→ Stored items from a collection
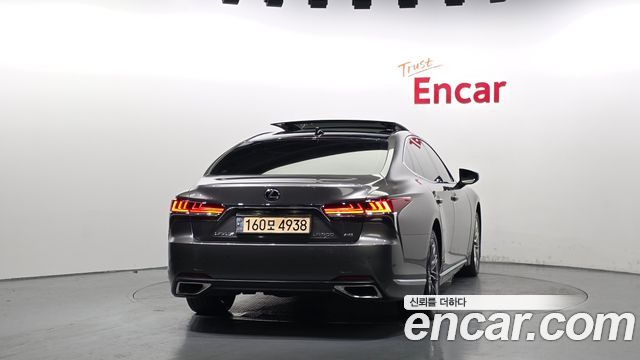 Lexus LS 500 3.5 Luxury AWD - фото 3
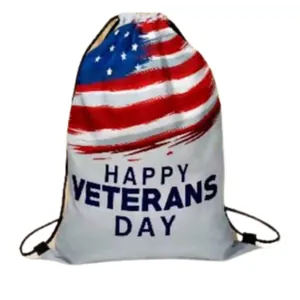 Dettaglio della borsa con coulisse impermeabile con bandiera USA e stampa Veterans Day
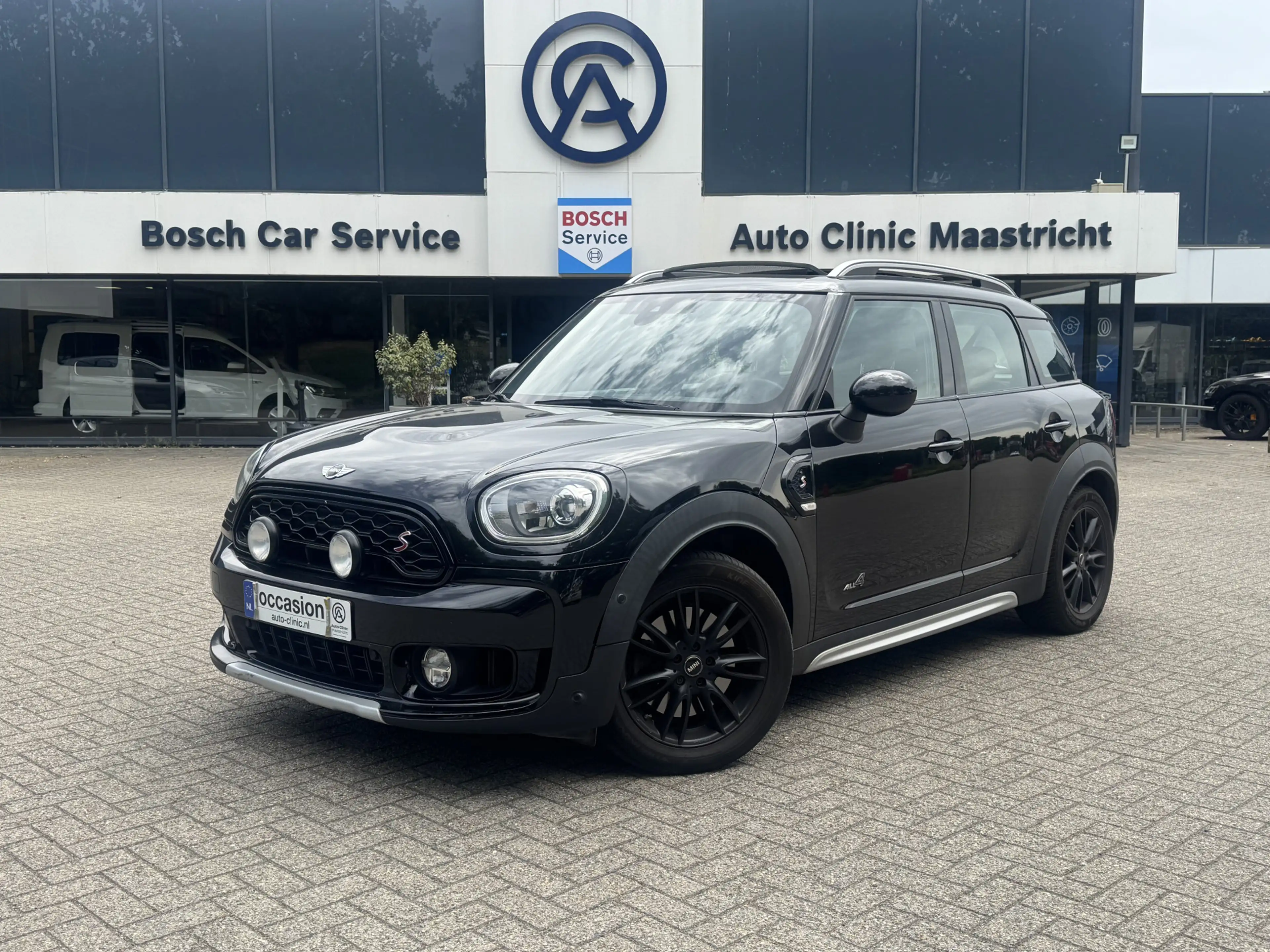 MINI Cooper SD Countryman 2.0 ALL4 Night Jack Edition / PANO / LEER / NAVI / — photo 2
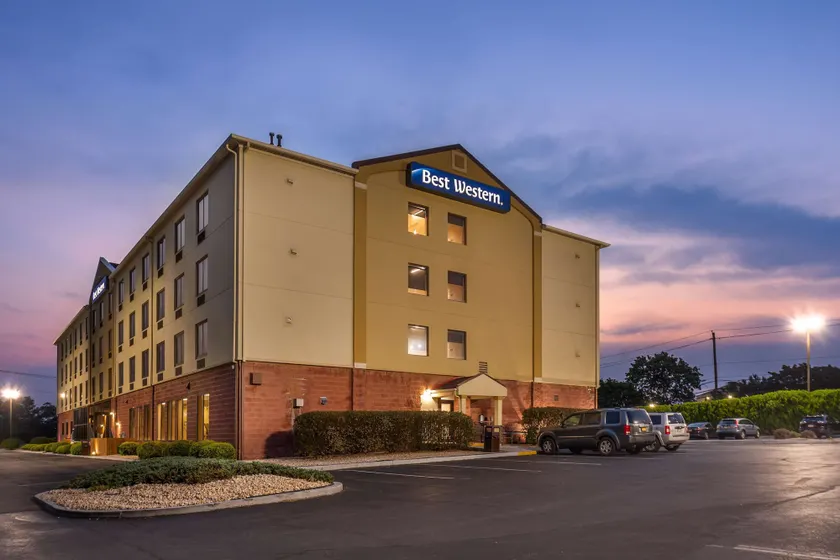 Best Western Harrisburg I-81 Grantville Hershey - Image 1
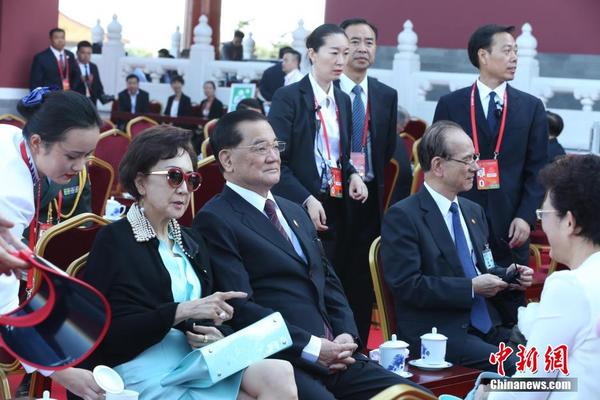 连战祖父铜像遭抹红漆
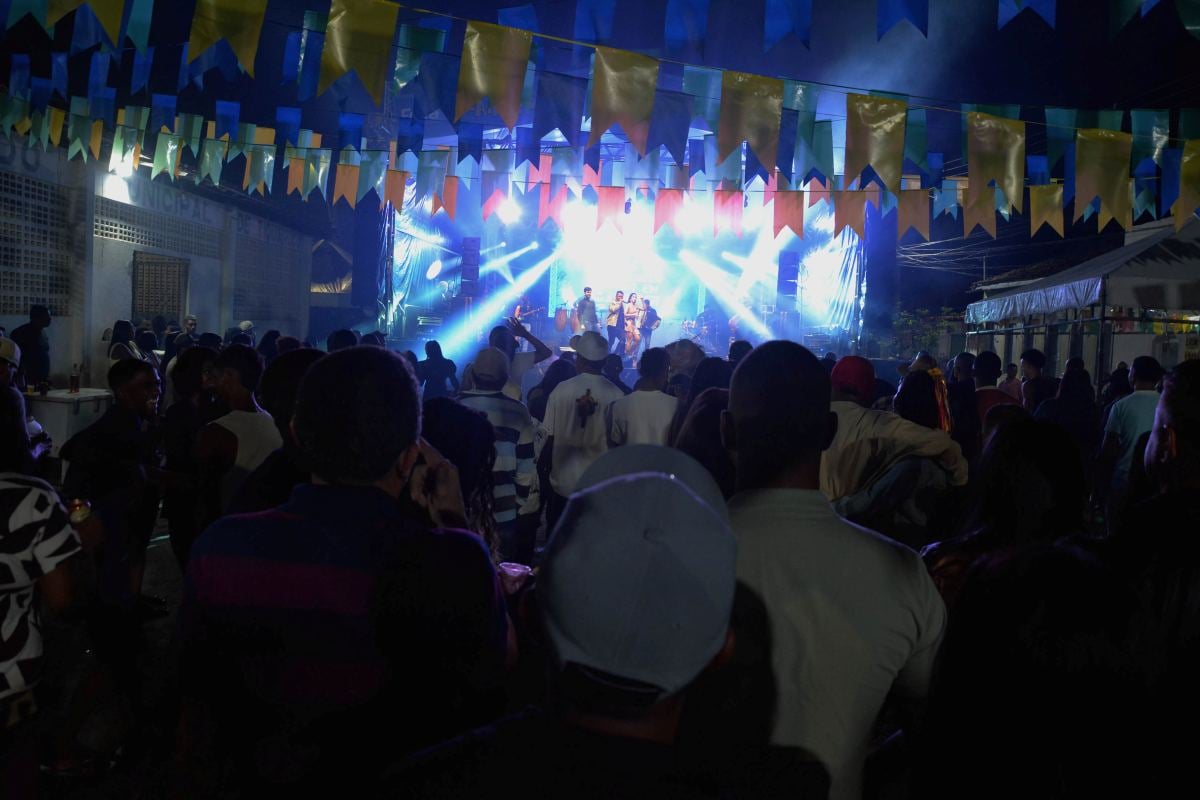 Primeira noite do Arraiá de Feira de Santana no distrito de Tiquaruçu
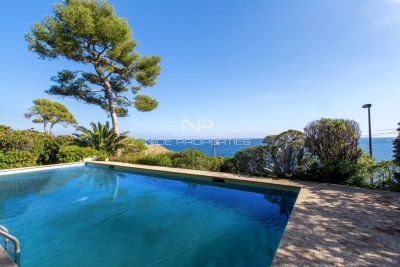 House for sale in CAP D'ANTIBES  - 9 rooms - 262 m&sup2; 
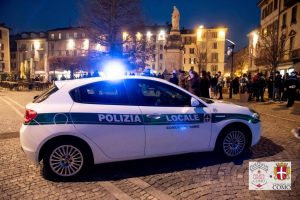 polizia locale piazza volta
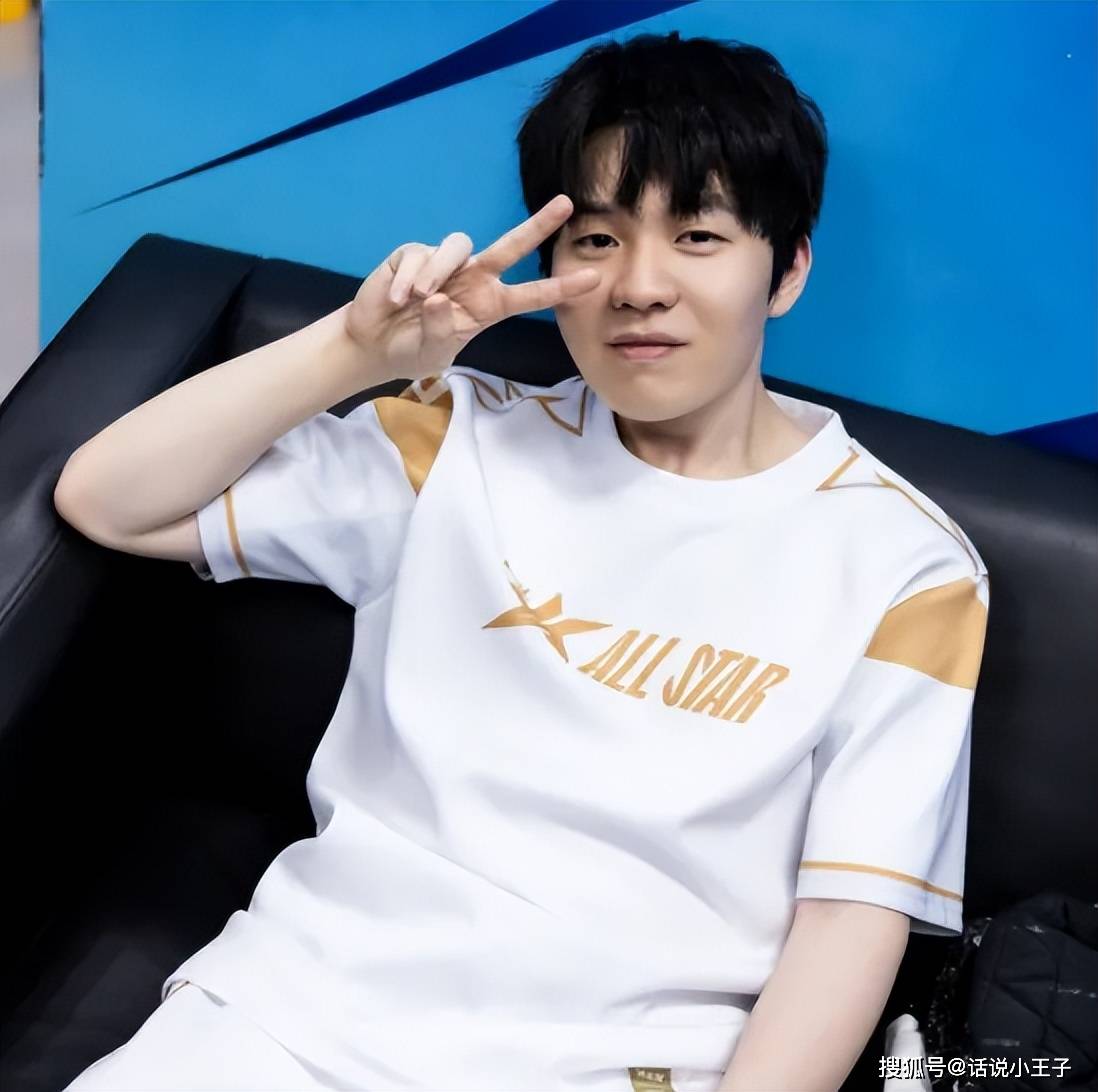 这也行？TheShy在老鹰比赛中惊艳表现转会期AC米兰备战NBA总决赛，今晨克里夫兰骑士状态回暖的简单介绍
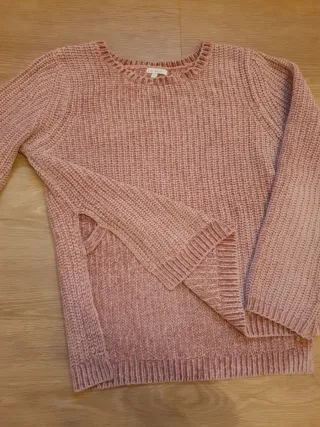 Suéter rosa aterciopelado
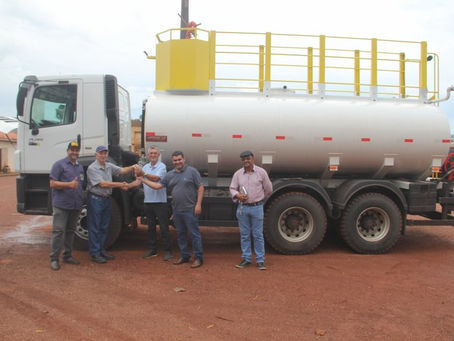 Prefeitura recebe caminhão pipa totalmente equipado para atendimento de demandas no município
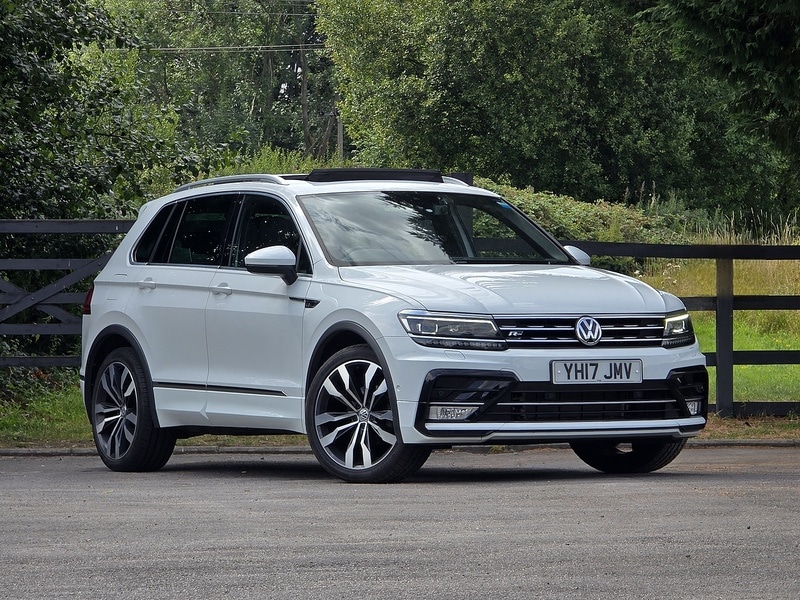Used Volkswagen Tiguan 2017 for sale - 76128043: Photo 1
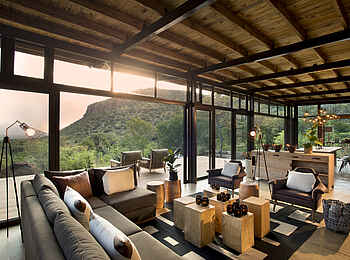 Marataba Mountain Lodge: Lounge bei Sonnenuntergang Marataba Mountain Lodge: Lounge bei Sonnenuntergang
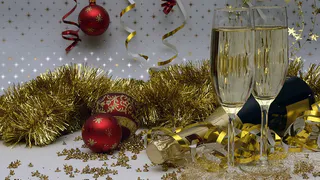 Как выбрать удачные подарки на год Деревянной Змеи: советы эксперта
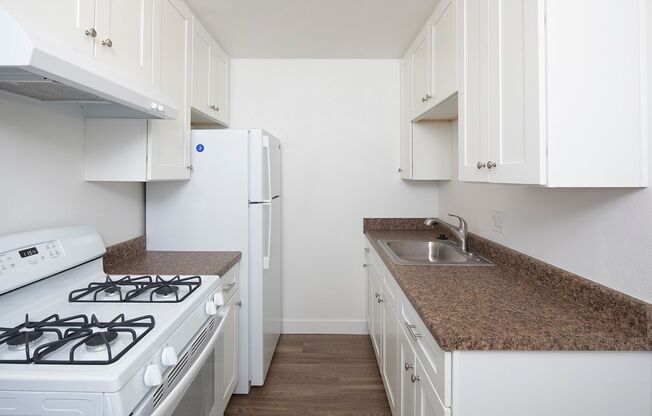 1 bed, 1 bath, $1,695, Unit 632-17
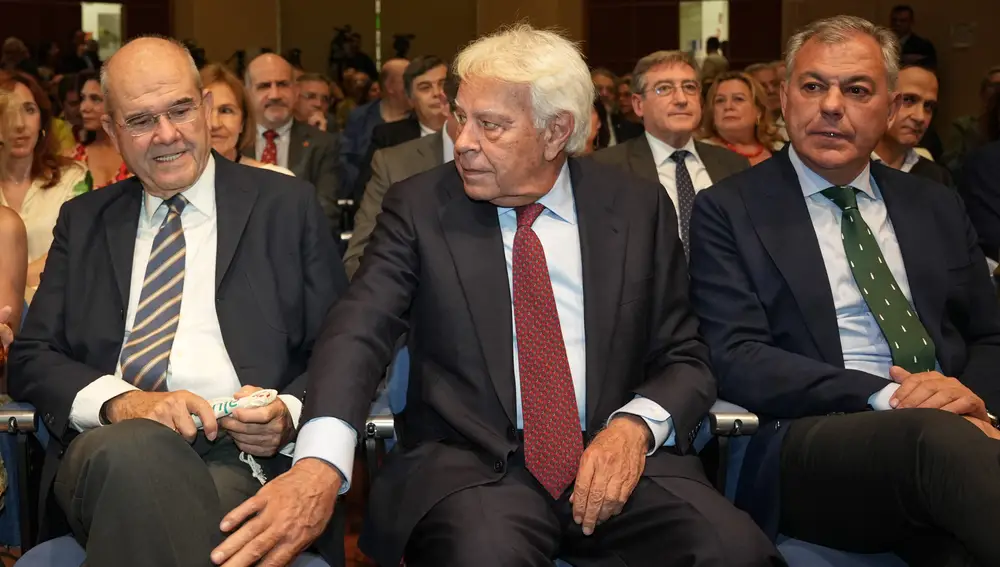 El expresidente del Gobierno Felipe González recibe el premio 'Alumni de Honor' de la Universidad de Sevilla
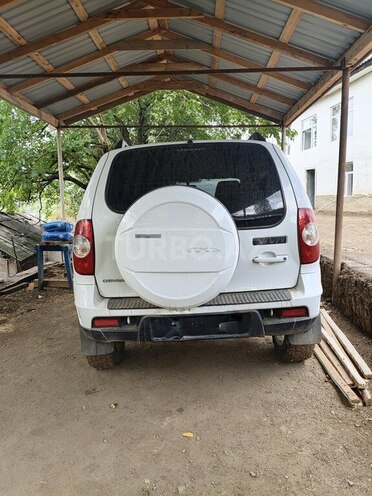 Chevrolet Niva 2016, 84,000 km - 1.7 l - Yardımlı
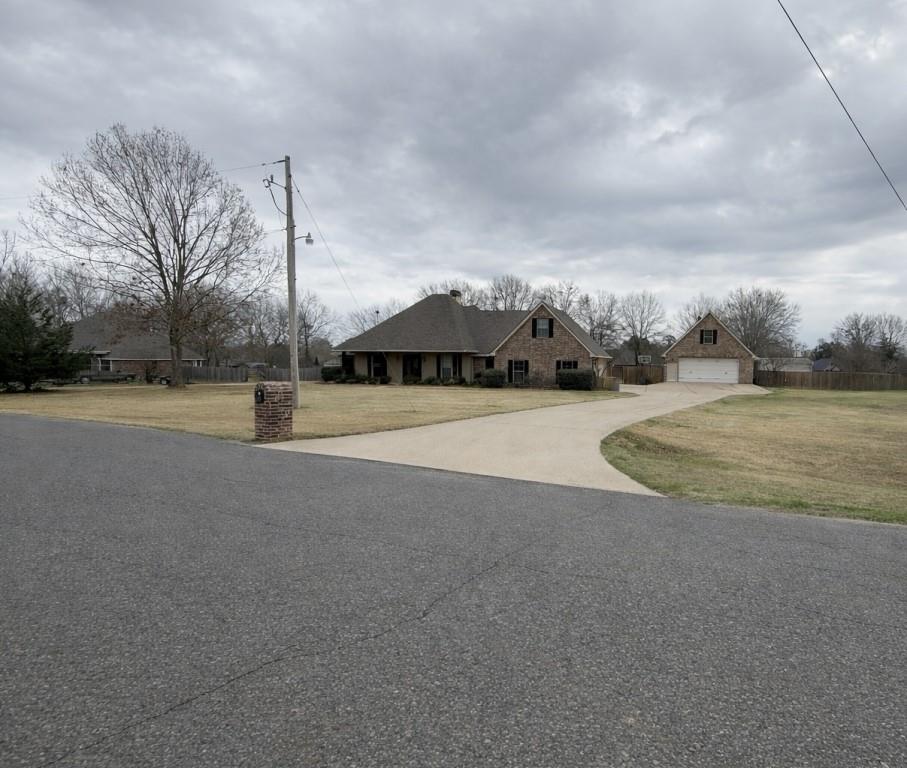 Leanin Oak #3 - Residential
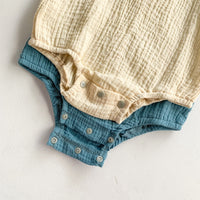 Load image into Gallery viewer, Baby Boys Solid Color Rompers Wholesale 220330256
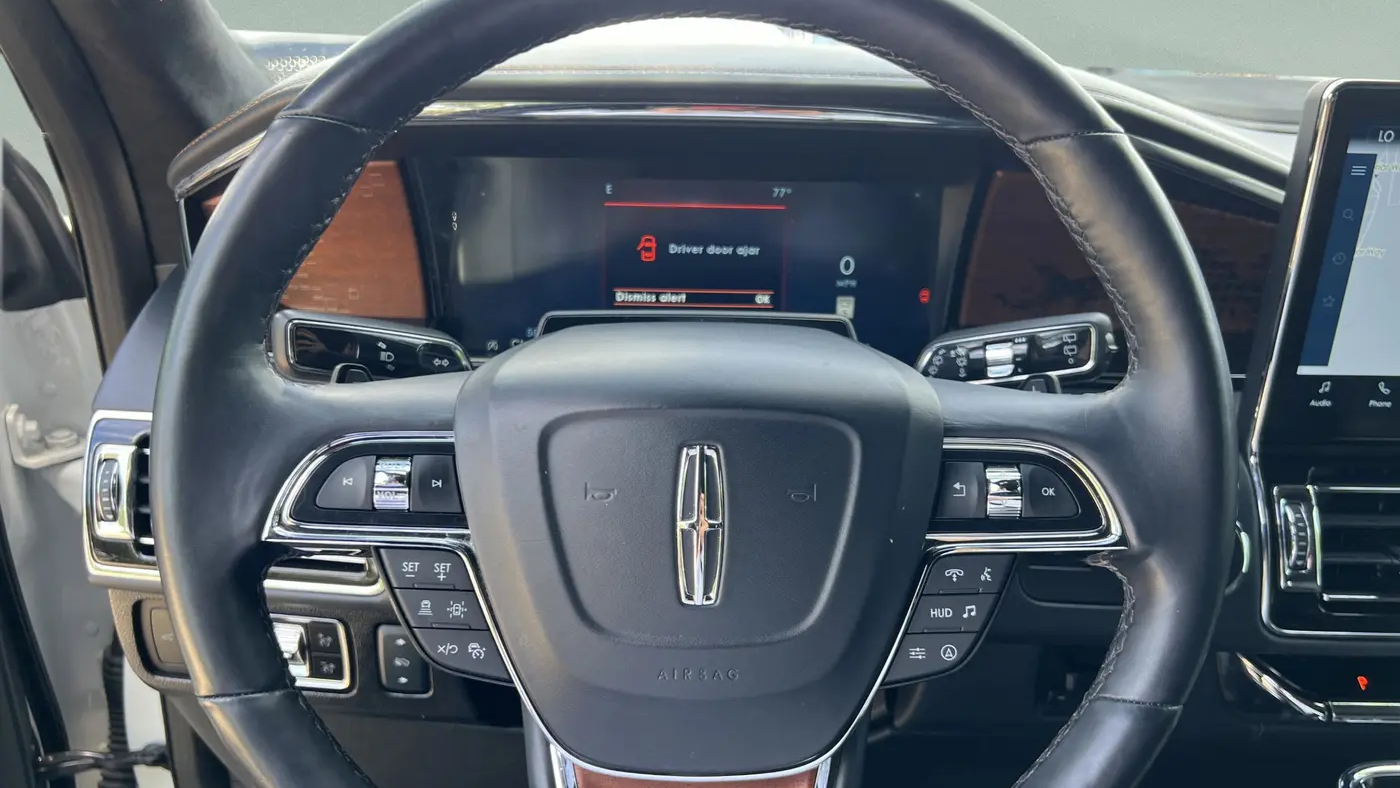 2024 Lincoln Navigator L Black Label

→ WORK ORDER
Copy exactly the lines that begin at the one containing "Suéter rosa aterciopelado" and end at the last line of the records, both included, omitting the pictures.

→ EXERCISE ANSWER
 Suéter rosa aterciopelado
 Prefeitura recebe caminhão pipa totalmente equipado para atendimento de demandas no município
Used Volkswagen Tiguan 2017 for sale - 76128043: Photo 1
 Marataba Mountain Lodge: Lounge bei Sonnenuntergang Marataba Mountain Lodge: Lounge bei Sonnenuntergang
 Как выбрать удачные подарки на год Деревянной Змеи: советы эксперта
 1 bed, 1 bath, $1,695, Unit 632-17
 El expresidente del Gobierno Felipe González recibe el premio 'Alumni de Honor' de la Universidad de Sevilla
 Chevrolet Niva 2016, 84,000 km - 1.7 l - Yardımlı
 Leanin Oak #3 - Residential
 Load image into Gallery viewer, Baby Boys Solid Color Rompers Wholesale 220330256
 2024 Lincoln Navigator L Black Label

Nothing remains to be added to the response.